The Early Exploration of Data
Early in my software development career, I had done a bit of reporting work and my fair share of database and SQL work. Around 2004/2005, I was working with Crystal Reports and SQL Server Reporting Services on customer projects. This is when I started getting really interested in data in terms of its
business intelligence value. In 2006, I fully immersed myself in the world of BI when joining Business Objects (later acquired by SAP.) This is where I spent time with customers and product folks focusing on topics like operational BI, predictive analytics, actionable reporting, etc. We predicted that data would be the engine that would power businesses and drive many well-informed decisions. This was reflected in the names used in our technology stack – BI Platform, Universe Model, and Web Intelligence.

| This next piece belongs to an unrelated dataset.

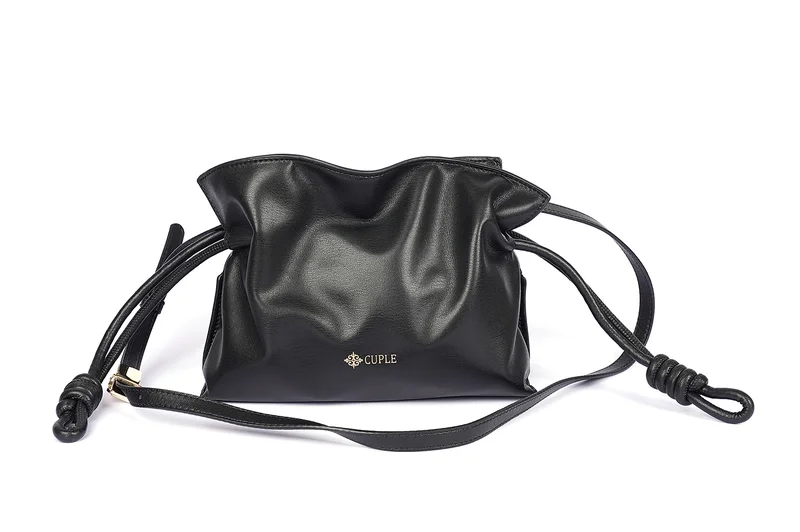 كابلي حقيبة كروس بودي بحمالات معقودة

When I was inside the BI bubble, it was difficult to predict that only a small fraction of the overall data that businesses generated (and more importantly are interested in) would be well structured neatly organized relational data, stored in database tables, and ready to be analyzed with SQL queries. The so-called Big Data revolution was not only driven by ever-growing SQL databases but by the explosion of all kinds of data stored in all kinds of formats, organized in all kinds of structures and models. The infrastructure around data also evolved to enable the processing of
the plethora of data formats, structures and, volumes. The technical innovations demanded a new type of skill set that was not available in the previous database and IT world. On the business end, all kinds of stakeholders started using more and more software (often SaaS.) As a result, businesses generated increasing volumes of data for their business units and functions. Companies began to face the challenge of having control and access to all of their data for analysis and decision making.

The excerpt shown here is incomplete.